10. The Vessel shall be deemed to have been accepted by the Purchaser in any of the following events:- (i) upon the expiry of seven days from the date of acceptance of the Purchaser's offer or such extended period as may be agreed between the parties provided that no inspection or survey has commenced. (ii) Seven days after completion of survey provided that the Purchaser has not served notice under clause 7 hereof. (iii) Upon notification in writing by the Vendor or the Broker to the Purchaser of completion of remedial work specified in any notice under clause 7 hereof. (iv) Upon a mutual agreement on a reduction in the purchase price in accordance with clause 7 hereof.
11. Upon acceptance of the Vessel by the Purchaser any deposit shall be treated as part payment of the purchase price and within seven days of acceptance
[1] The Vendor shall
(a) Provide the Broker with the Certificate of Registry if any correct and updated together with any other documents appertaining to the Vessel or deducing title and shall execute a Bill of Sale in the prescribed form in favour of the Purchaser of his nominee showing the Vessel to be free from encumbrances
(b) Deliver to the Brokers a VAT invoice if applicable and any necessary document or authority enabling the Purchaser to take possession of the Vessel
(c) by delivery of the documents herein referred to be deemed to covenant that he has authority to transfer the property in the Vessel and that the same is transferred free of liens or encumbrances except such as are the responsibility of the Purchaser in accordance with clauses 6 and 9 hereof or as may be agreed
[2] The Purchaser shall tender the balance of the purchase price to the Broker who on receipt thereof shall hold the documents herein referred to to the order of the Purchaser.
12. Any date or time of delivery of the Vessel or of completion of work thereon which may be quoted or specified to or by the Broker or the Vendor shall be deemed to be an estimate only and shall not be binding on the Broker or the Vendor or of the essence of any contract.
13. Unless expressly agreed otherwise by the Broker in writing acceptance of the Vessel by the Purchaser shall be deemed to take place at the place where the Vessel is then lying whether or not the Vessel is subsequently to be transported to any other place and howsoever and by whomsoever such transport if any is to be effected.
14. The entire risk in the Vessel shall pass to the Purchaser immediately upon acceptance.

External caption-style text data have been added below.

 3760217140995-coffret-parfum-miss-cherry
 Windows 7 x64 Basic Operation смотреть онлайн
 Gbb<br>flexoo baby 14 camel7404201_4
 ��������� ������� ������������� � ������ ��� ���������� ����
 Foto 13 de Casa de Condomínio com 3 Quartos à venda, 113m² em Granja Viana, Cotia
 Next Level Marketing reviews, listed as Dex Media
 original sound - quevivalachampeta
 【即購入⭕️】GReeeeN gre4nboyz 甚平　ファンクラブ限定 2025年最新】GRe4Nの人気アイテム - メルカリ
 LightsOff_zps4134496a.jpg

Notwithstanding such acceptance and without prejudice to the generality of the foregoing the property in and title to the Vessel shall not pass except as hereinafter provided.

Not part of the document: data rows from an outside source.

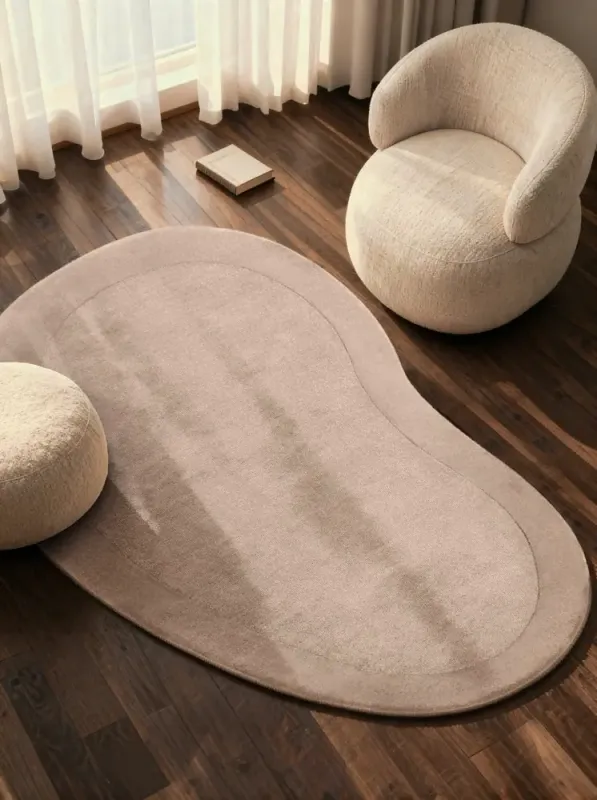 Villeroy & Boch - Kollektion 1812 Kivi natur beige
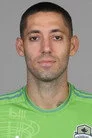 Clint Dempsey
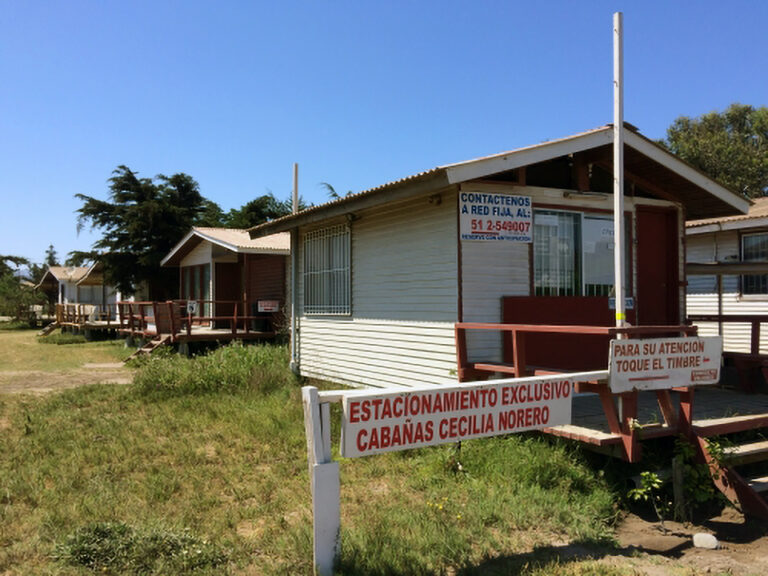 cabanas cecilia norero la serena 01 768x576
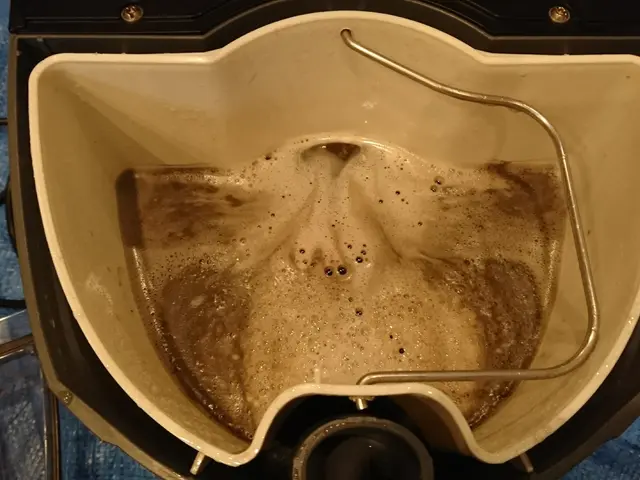 ★ご予約受付中★ソファークリーニング★サービスの画像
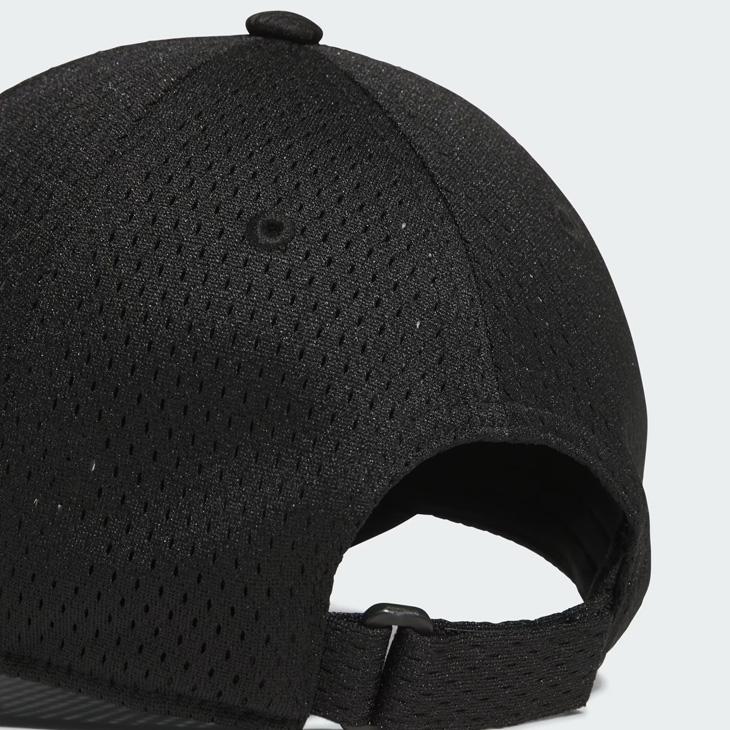 アディダス 帽子 キッズ ジュニア adidas メッシュキャップ 子ども用 スポーツキャップ 通気性 男の子 女の子 こども 子供 キッズ用キャップ スポーツ /KCE25 | adidas | 05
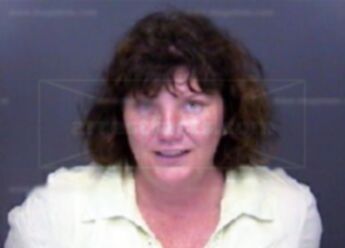 Letha Ann Bass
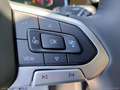 Volkswagen Taigo 1.0 TSI 115 CV R-Line Grau - thumbnail 26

15. The property in and title to the Vessel (excluding only such parts and accessories as may have been supplied by the Purchaser) shall remain in the Vendor unless and until all and any sums due by the Purchaser howsoever arising shall have been paid or otherwise discharged to the satisfaction of the Vendor. In particular and without prejudice to the generality of the foregoing in the event that the purchase price or any part thereof is paid by way of banker's draft building society or finance house cheque or other instrument title to and property in the vessel shall not pass until the same is cleared honoured or otherwise discharged.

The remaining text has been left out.